Sunday 17 May 2020

Jake the overenthusiastic Cocker Spaniel, last foray in Epping Forest

Jake the Cocker Spaniel enters the Clark household - a great companion for the family but a failure at the shoot! In Bill's last period as a farmer, he and other farmers in Colchester discover a major failure in the design of the new tractors they are buying and have to battle with the manufacturer. Bill and Caroline make a last nature trip to Epping Forest.
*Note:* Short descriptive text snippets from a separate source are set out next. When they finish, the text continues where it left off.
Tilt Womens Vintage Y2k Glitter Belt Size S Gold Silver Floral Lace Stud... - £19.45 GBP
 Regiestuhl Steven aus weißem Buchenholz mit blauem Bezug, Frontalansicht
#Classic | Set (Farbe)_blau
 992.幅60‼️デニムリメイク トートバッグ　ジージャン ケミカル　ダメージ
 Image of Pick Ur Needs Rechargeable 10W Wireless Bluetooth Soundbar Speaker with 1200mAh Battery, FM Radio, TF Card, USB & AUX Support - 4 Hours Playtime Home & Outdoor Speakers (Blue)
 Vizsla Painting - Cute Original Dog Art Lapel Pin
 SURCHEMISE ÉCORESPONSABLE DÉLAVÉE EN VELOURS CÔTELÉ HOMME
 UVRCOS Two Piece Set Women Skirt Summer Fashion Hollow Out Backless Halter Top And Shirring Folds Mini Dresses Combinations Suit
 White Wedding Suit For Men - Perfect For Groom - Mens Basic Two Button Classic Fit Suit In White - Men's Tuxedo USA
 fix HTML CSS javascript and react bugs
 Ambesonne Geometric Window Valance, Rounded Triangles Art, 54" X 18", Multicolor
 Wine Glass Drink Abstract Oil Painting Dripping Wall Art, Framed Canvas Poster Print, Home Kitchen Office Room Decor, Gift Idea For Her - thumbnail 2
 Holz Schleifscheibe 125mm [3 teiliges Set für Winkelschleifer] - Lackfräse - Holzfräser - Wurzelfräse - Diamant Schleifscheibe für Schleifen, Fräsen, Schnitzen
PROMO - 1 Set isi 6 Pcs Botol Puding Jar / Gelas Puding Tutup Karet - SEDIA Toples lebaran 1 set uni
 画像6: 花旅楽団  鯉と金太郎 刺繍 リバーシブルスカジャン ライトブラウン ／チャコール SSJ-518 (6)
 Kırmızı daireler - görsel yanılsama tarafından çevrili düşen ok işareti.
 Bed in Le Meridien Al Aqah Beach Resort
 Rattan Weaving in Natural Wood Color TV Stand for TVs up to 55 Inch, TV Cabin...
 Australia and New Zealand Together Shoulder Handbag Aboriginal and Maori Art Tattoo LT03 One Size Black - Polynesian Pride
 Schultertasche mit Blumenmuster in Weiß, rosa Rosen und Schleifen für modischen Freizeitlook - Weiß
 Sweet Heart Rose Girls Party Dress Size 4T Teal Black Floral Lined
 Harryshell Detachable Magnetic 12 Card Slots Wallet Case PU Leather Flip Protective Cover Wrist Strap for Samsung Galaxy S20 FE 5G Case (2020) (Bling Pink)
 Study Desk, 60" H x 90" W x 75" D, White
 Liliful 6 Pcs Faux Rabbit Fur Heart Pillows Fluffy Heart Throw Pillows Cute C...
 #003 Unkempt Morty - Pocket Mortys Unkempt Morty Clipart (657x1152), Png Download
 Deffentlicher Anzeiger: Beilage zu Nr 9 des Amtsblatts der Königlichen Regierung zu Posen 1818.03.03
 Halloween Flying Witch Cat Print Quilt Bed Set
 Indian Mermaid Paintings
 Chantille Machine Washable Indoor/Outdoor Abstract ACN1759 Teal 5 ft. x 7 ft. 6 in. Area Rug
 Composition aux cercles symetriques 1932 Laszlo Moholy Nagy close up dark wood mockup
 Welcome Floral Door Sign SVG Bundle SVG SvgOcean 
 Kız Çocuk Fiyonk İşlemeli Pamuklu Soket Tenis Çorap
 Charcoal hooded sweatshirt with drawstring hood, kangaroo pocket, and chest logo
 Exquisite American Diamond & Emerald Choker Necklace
Cocker Spaniel, photo Katrina_S
Extracts from Chapter 6 of Bill Clark's autobiography 'Route and Branch'
Full reading available here as a podcast: 
https://archive.org/download/jake-cockerspaniel-gearboxes-epping-forest/Ch6d-Jake-cockerspaniel-gearboxes-epping-forest.mp3

On Christmas day, our gamekeeper came knocking on the door. ‘Happy Christmas Bill,’ he said, and handed me the lead of his liver and white Cocker Spaniel, Jake. Confused, I said, ‘Well, yes, I am sure we can look after him, where are you going?’ He laughed, and said, ‘I’m not going anywhere, he’s yours; Wendy has bought him for you.’ I was a member of Jim’s small ‘shoot’, and knew of young Jake, the biggest and bravest of the keeper’s four dogs, and the occasional misbehaviour when working – which I believed to be due to the way his master handled him. Wendy had obviously thought I could soon put Jake to rights, and this would go some way, to make up for my loss of Julie as a gun dog! Jake and I exchanged enthusiastic greetings, and every spare moment from then on, was taken up in training.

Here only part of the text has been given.